La capacité globale de production ne sortira pas indemne du ressac de l’activité économique. Plusieurs entreprises manufacturières, dont un grand nombre sont intégrées à une chaîne d’approvisionnement nord-américaine, ne s’en remettront pas de sitôt.
Pour relancer la machine, le gouvernement doit déployer une politique industrielle interventionniste, vigoureuse et stratégique. Selon la FTQ, celle-ci doit s’appuyer sur un programme de transition juste pour les travailleurs, les travailleuses et les communautés qui subiront les effets négatifs des transformations du tissu économique à venir. L’actuelle crise peut être une occasion de consolider le secteur manufacturier, voire de lancer de nouvelles filières ou structures de production, en un mot de réindustrialiser le Québec. Celui-ci pourrait augmenter son autonomie en produisant davantage de biens stratégiques et essentiels comme les fournitures médicales. Il pourrait réduire son empreinte environnementale et consolider les économies régionales en favorisant les circuits économiques courts ou en élaborant un cadre législatif « Achetons au Québec », une réglementation qui contraindrait les entreprises publiques à s’approvisionner au Québec et ainsi accroître la capacité de fabrication québécoise. Des instruments financiers stratégiques tels que le Fonds de solidarité FTQ, le Capital régional et coopératif Desjardins, la Caisse de dépôt et placement du Québec (CDPQ) ou Investissement Québec pourraient largement aider à soutenir des projets structurants, socialement rentables et durables dans le cadre d’une telle politique.

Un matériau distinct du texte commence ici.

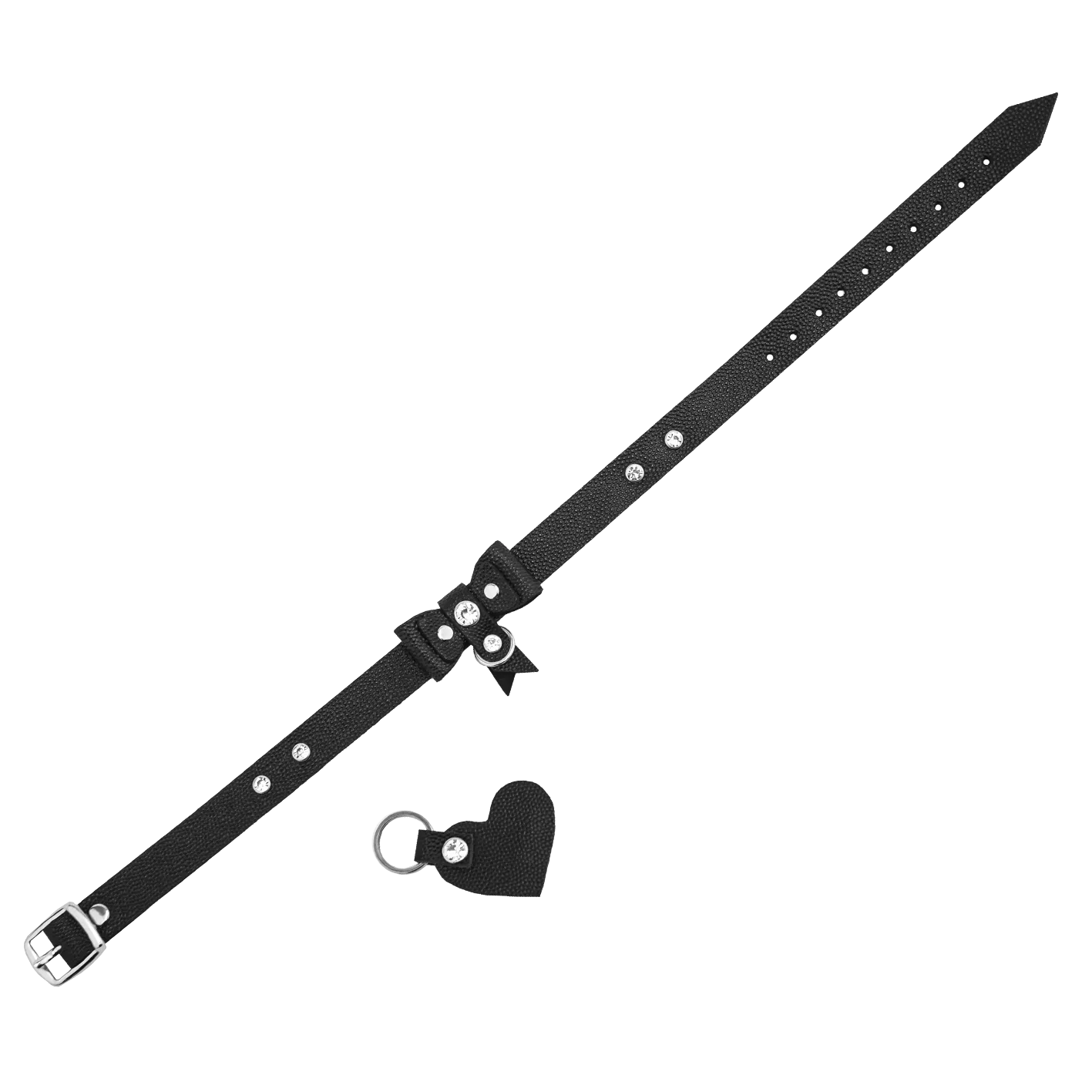 чокер бабочка со стразами, чёрный в Москве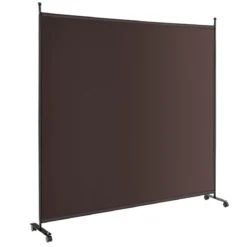 Einzelner Raumteiler mit einem Panel Breiter Sichtschutz 184 x 30 x 184 cm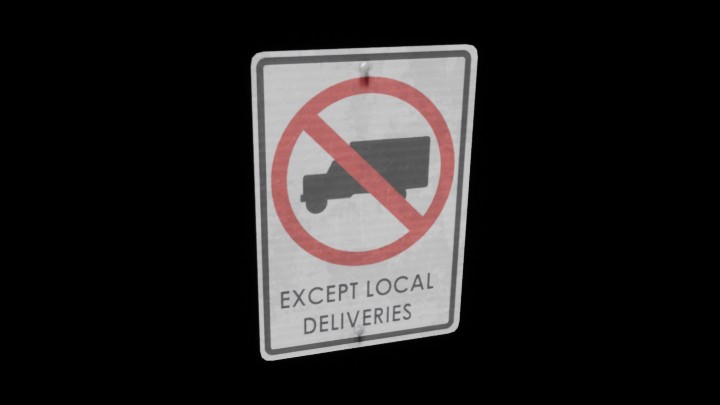 UE项目资源_模型资源_指示牌256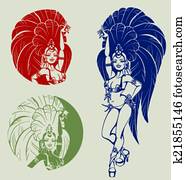 szamba, királyné, táncos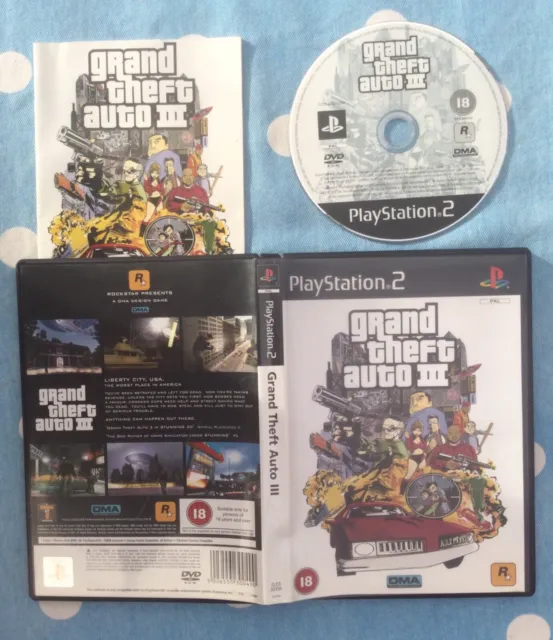 🌟Grand Theft Auto Iii ( 3 )🌟Playstation🌟Ps2🌟Complete🌟Fast Uk🇬🇧Postage🌟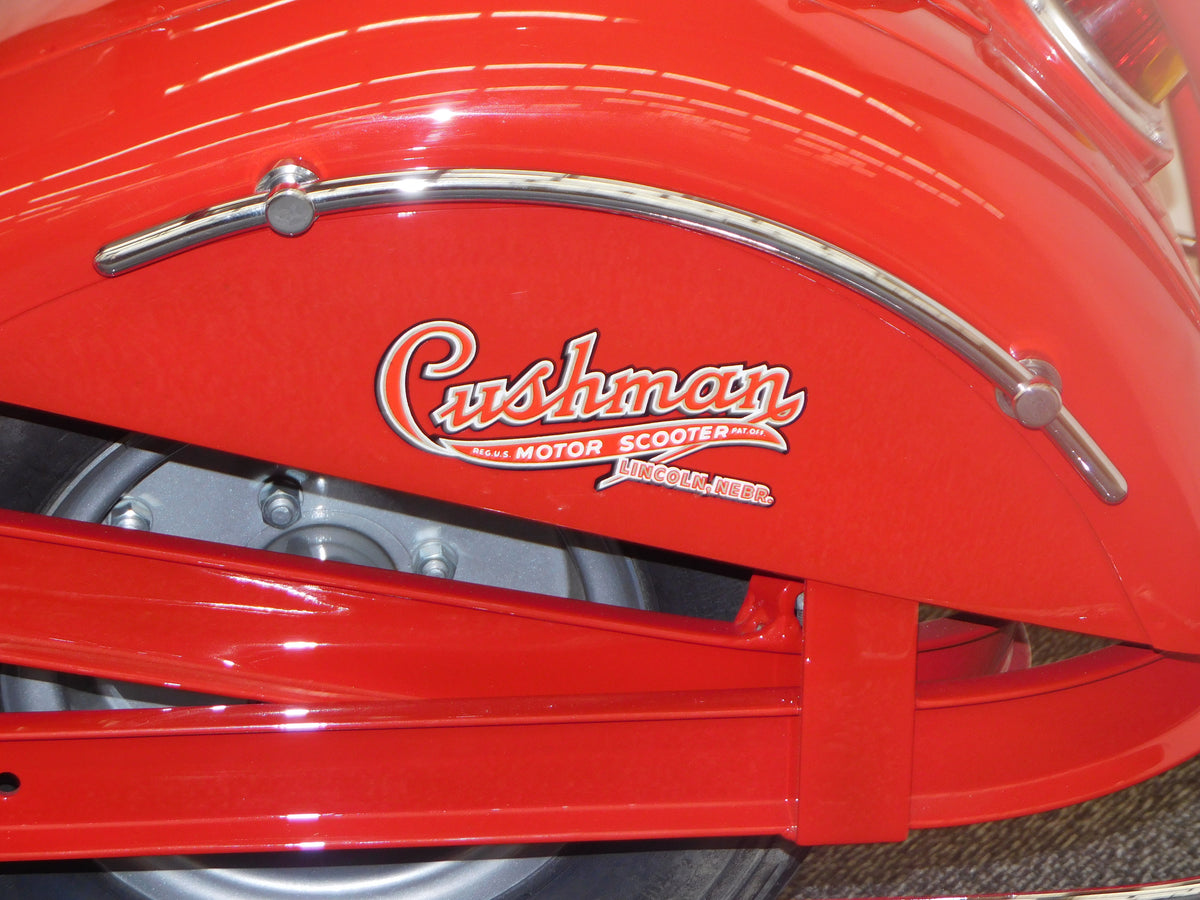 Cushman Emblems STK 10160 1949 Cushman Pacemaker Model 62-81 – Auto Barn Classic Cars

Enfin, cette politique industrielle devra mobiliser des capitaux publics dans la lutte contre les changements climatiques. Cela passera par le soutien à des secteurs porteurs, à des projets structurants visant la carboneutralité et à des entreprises innovantes qui utilisent des technologies propres tout en valorisant l’hydroélectricité du Québec.
Autonomie du Québec dans les secteurs stratégiques
La pandémie a mis en lumière la vulnérabilité de certaines chaînes d’approvisionnements de plusieurs secteurs stratégiques pour le Québec notamment dans le domaine de l’alimentation, des équipements médicaux et des médicaments. Pour les centrales syndicales, le gouvernement doit absolument miser sur l’autonomie et la diversification économique du Québec afin d’assurer des approvisionnements sûrs et stables et d’augmenter la résilience collective. Le plan de relance économique propose une série de mesures pour consolider la capacité de mettre en place les circuits courts essentiels à la sécurité alimentaire et à l’amélioration du bilan carbone de la filière, permettre au Québec de produire les fournitures médicales essentielles, le doter d’une capacité de produire des vaccins rapidement et en grande quantité.
Que nous réserve l’avenir ?
Depuis le printemps, le Québec est dans une période de déconfinement qui se déploie dans un contexte d’incertitudes. Une deuxième vague de contamination se dessine… Sera-t-elle plus grave que la première ? Donnera-t-elle lieu à un reconfinement ? Celui-ci sera-t-il partiel ou total ? Avec quels effets économiques supplémentaires ? Une chose est certaine : l’impact sans précédent de la pandémie sur l’activité économique nécessitera pour plusieurs mois encore des efforts importants de la part des gouvernements, mais aussi de tous les partenaires socioéconomiques pour s’assurer que les inégalités ne s’exacerbent pas. Pour la FTQ, l’action syndicale et citoyenne demeure donc essentielle à une sortie de crise porteuse de prospérité, d’équité et de solidarité.